>>>>

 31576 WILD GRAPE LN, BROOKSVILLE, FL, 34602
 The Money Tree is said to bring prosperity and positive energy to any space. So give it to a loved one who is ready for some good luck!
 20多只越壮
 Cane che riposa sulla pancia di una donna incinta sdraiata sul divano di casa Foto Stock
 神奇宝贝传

<<<<
>>>>

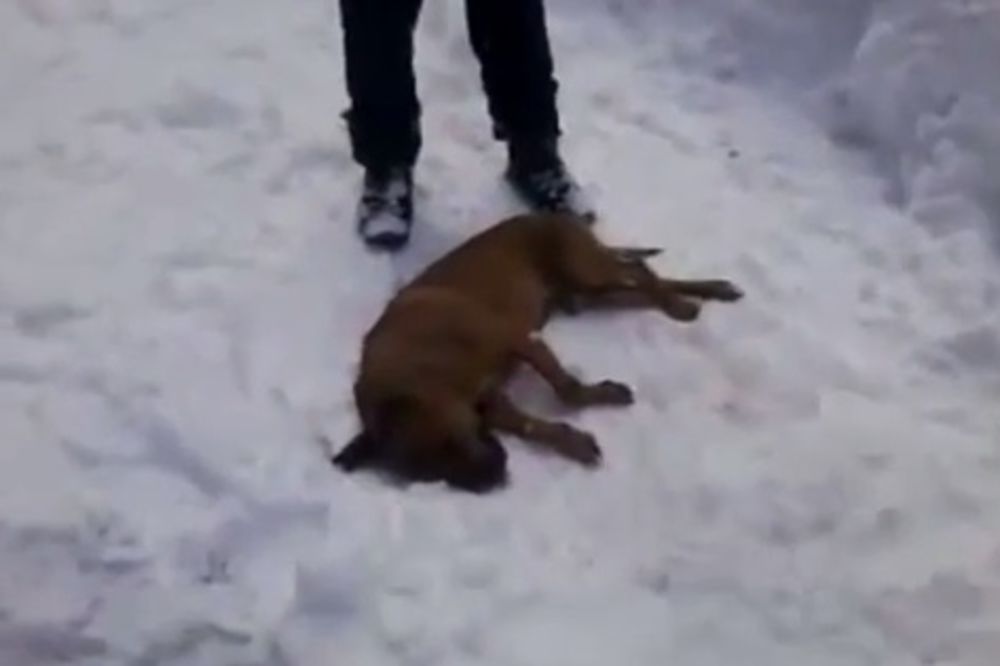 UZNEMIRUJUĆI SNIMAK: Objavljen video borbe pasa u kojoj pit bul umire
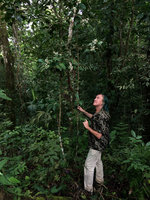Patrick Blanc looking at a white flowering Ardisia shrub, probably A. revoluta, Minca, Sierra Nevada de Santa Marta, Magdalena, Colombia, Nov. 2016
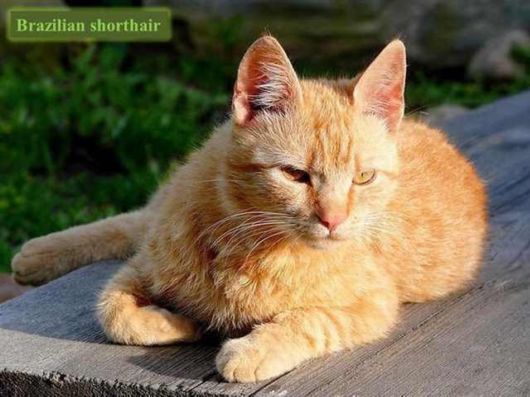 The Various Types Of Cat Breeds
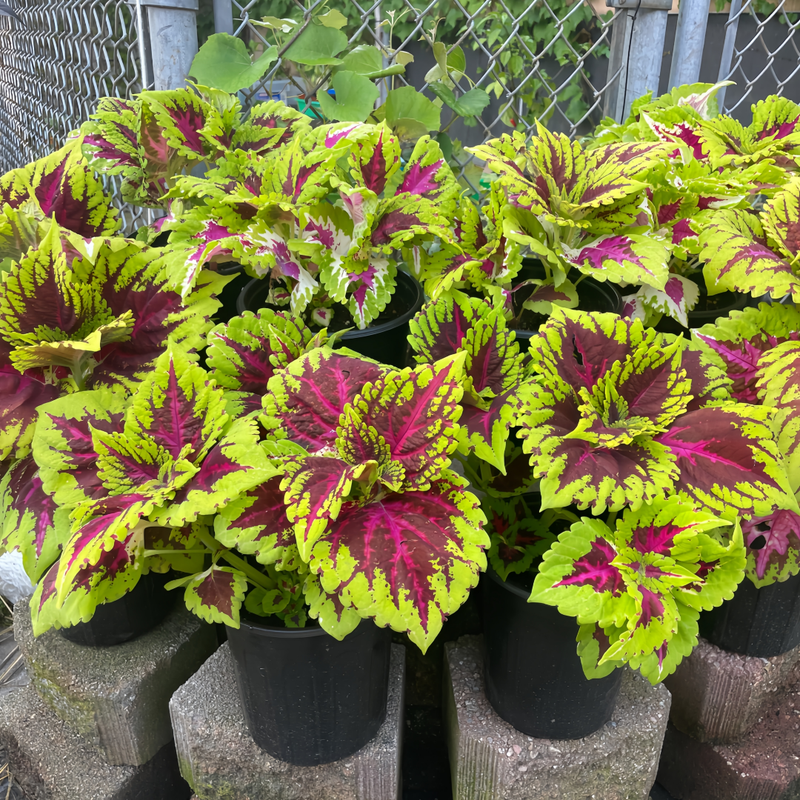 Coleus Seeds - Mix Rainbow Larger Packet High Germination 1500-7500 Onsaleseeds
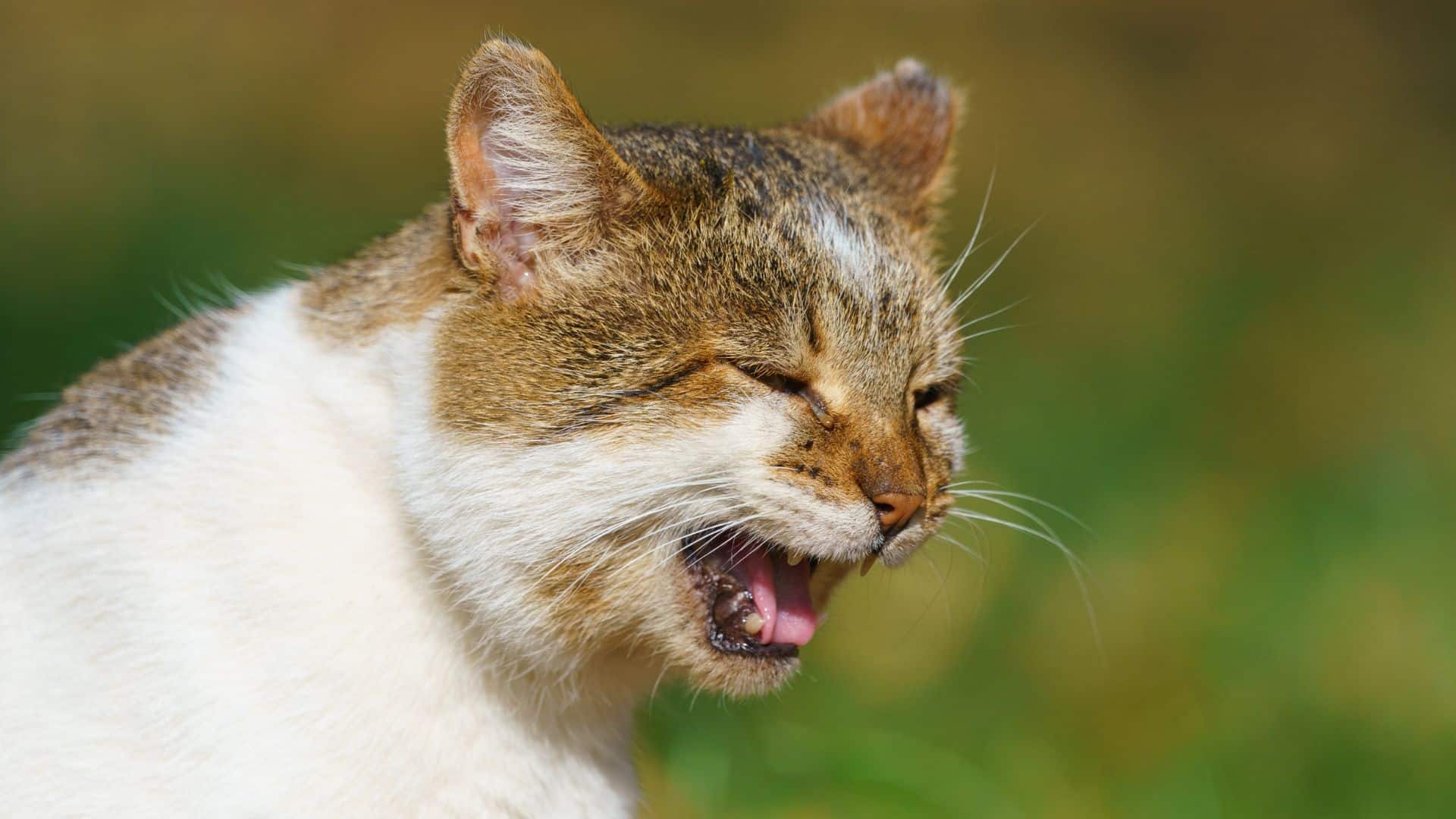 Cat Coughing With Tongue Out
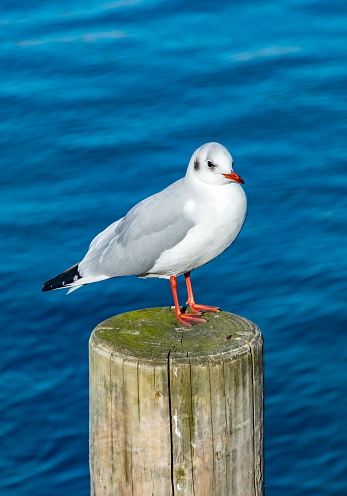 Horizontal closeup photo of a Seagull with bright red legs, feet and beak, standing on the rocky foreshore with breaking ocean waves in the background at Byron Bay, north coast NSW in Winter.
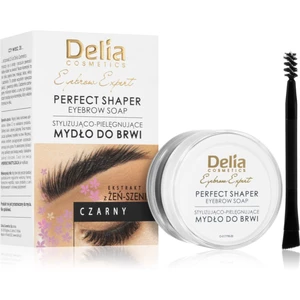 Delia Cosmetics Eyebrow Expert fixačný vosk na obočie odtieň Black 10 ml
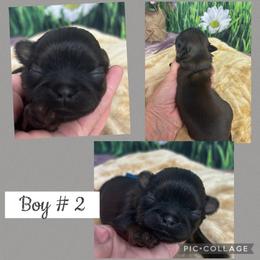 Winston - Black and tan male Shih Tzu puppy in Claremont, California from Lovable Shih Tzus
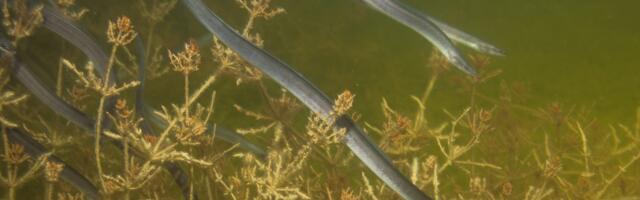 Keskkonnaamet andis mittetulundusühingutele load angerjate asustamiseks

<<<<

• _PROBLEM TO SOLVE_: Because only one stretch of the records is wanted, please output the lines from the one holding "Coleus Seeds - Mix" through the one holding "Keskkonnaamet andis mittetulundusühingutele" exactly, both included, and leave every picture out.

• _SOLUTION TO THE EXERCISE_:
 Coleus Seeds - Mix Rainbow Larger Packet High Germination 1500-7500 Onsaleseeds
 Cat Coughing With Tongue Out
 Horizontal closeup photo of a Seagull with bright red legs, feet and beak, standing on the rocky foreshore with breaking ocean waves in the background at Byron Bay, north coast NSW in Winter.
 Delia Cosmetics Eyebrow Expert fixačný vosk na obočie odtieň Black 10 ml
 Winston - Black and tan male Shih Tzu puppy in Claremont, California from Lovable Shih Tzus
 Keskkonnaamet andis mittetulundusühingutele load angerjate asustamiseks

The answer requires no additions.